Rail bypass near Tacoma reopens four years after fatal Amtrak derailment
Four years after an Amtrak train jumped the tracks along the Point Defiance Bypass near Tacoma, killing three people and injuring 62, service along the route is resuming.
Amtrak 501 was on its inaugural run on the newly opened bypass, which was designed to speed the trip between Portland and Seattle, when it jumped the tracks and fell into rush-hour traffic on Interstate 5. Investigators later found that the train was going far too fast when it derailed.
Service along the bypass resumes Nov. 18 with new safety measures, including “Activated Positive Train Control," a system that uses GPS to slow a train in dangerous conditions.

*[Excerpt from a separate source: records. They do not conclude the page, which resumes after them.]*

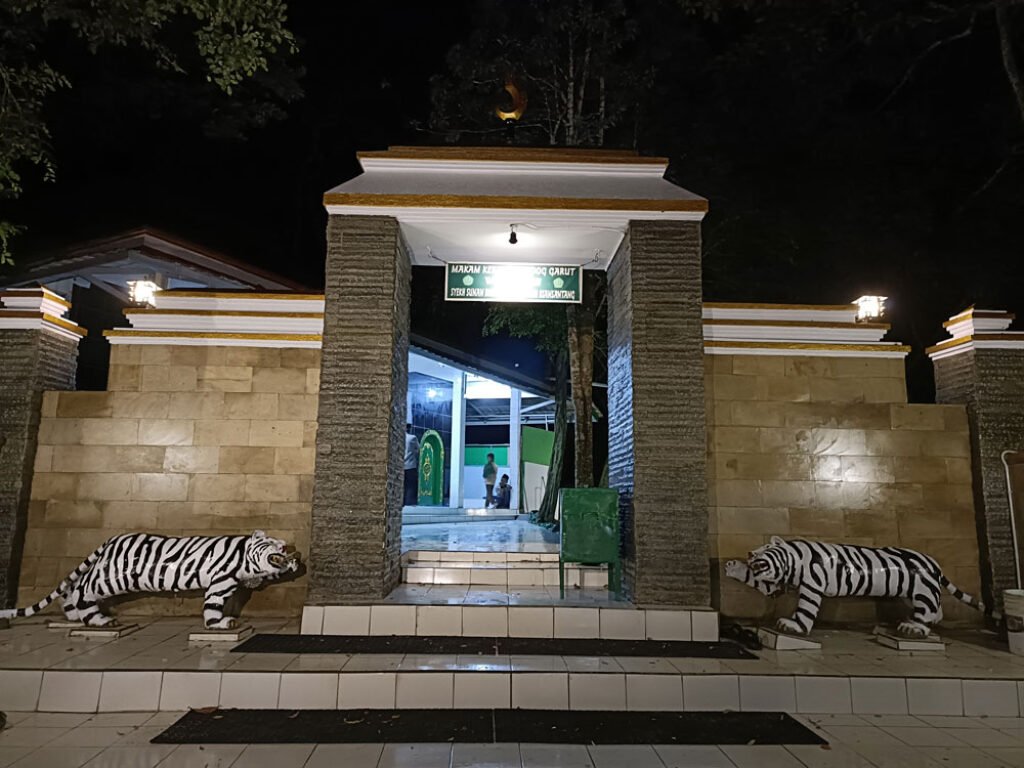 makam godog 1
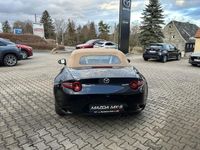 Neu Mazda MX5 132 PS (97 kW) 2026 Schwarz Cabrio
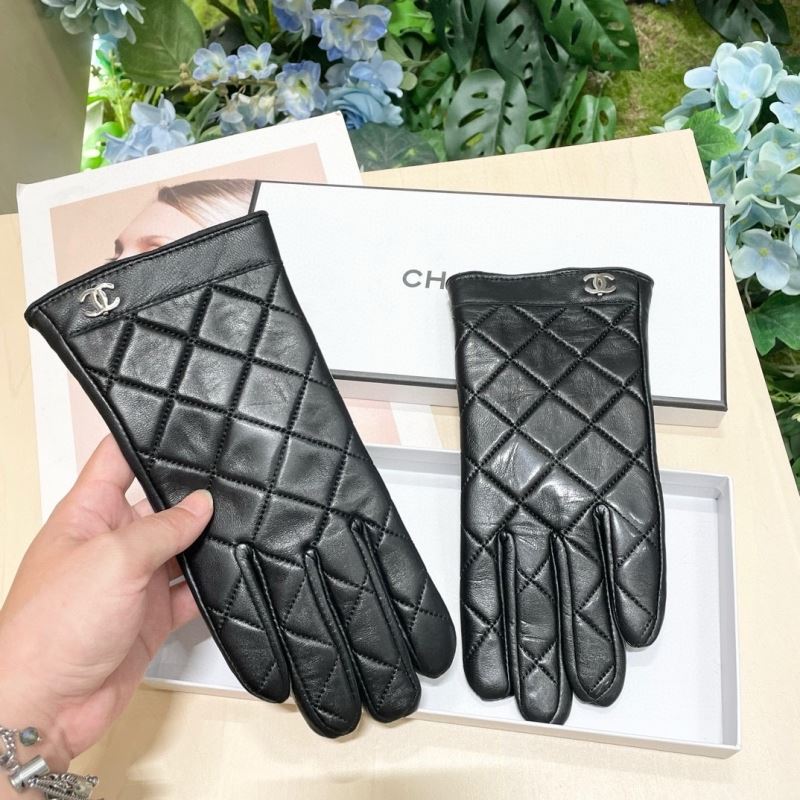 Chanel Gloves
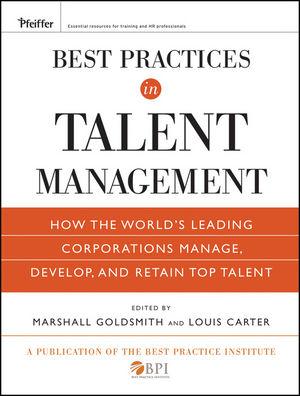 Cover of BEST PRACTICES IN TALENT MANAGEMENT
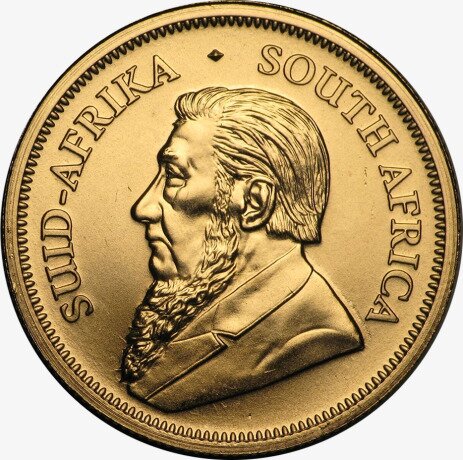 1/4 Uncji Krugerrand Złota Moneta | 2020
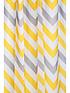 croydex-chevron-shower-curtain-and-bathmat-set-ndash-yellow-grey-and-whitecollection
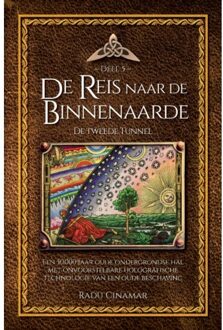 De Reis Naar De Binnenaarde - De Boeken Van Radu Cinamar - Radu Cinamar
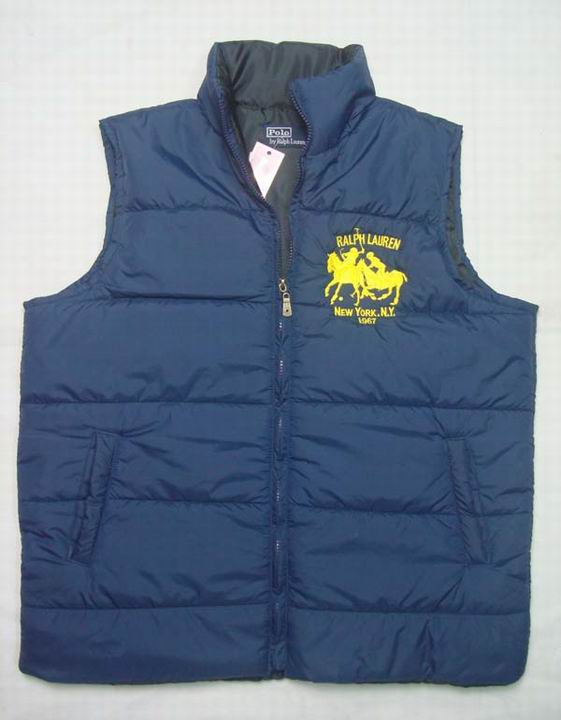 pl down vest men jacket S-3XL-0114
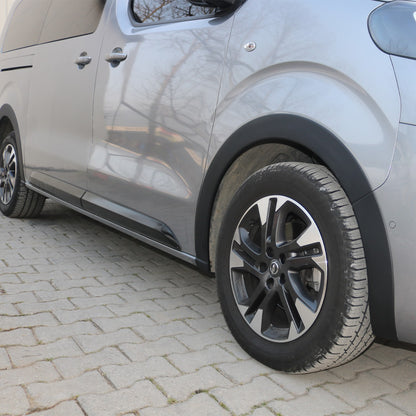 Opel Zafira 2019 Yılı Ve Sonrası Set 8 Prç. Çamurluk Dodik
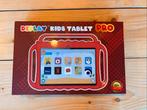 Deplay Kids Tablet Pro - Rood, Computers en Software, Android Tablets, 10 inch, Zo goed als nieuw, Android 12, 16 GB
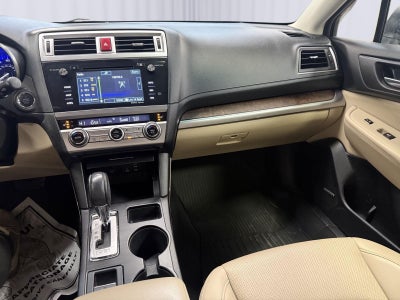 2017 Subaru Outback Limited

“Amtrak is continuously improving safety for the benefit of our customers, employees, and the communities we serve,” said Stephen Gardner, Amtrak’s president. “We are ready to safely resume service on the Bypass consistent with the steps required by our host railroad, Sound Transit, the Federal Railroad Administration and our own Safety Management System.”
The National Transportation Safety Board placed primary blame for the crash on Sound Transit for failing to require safety improvements before changing the Portland-Seattle route. More than 35 people sued Amtrak for damages connected to the derailment, and several won multi-million-dollar awards.
Eight trains – including the Amtrak Cascades and the Coast Starlight – will start using the bypass later this month. Additional trains will be added as COVID-19 restrictions ease.
Operations in Tacoma will move to the new Tacoma Dome Station, near the Sounder and light rail stations on East 25th Street.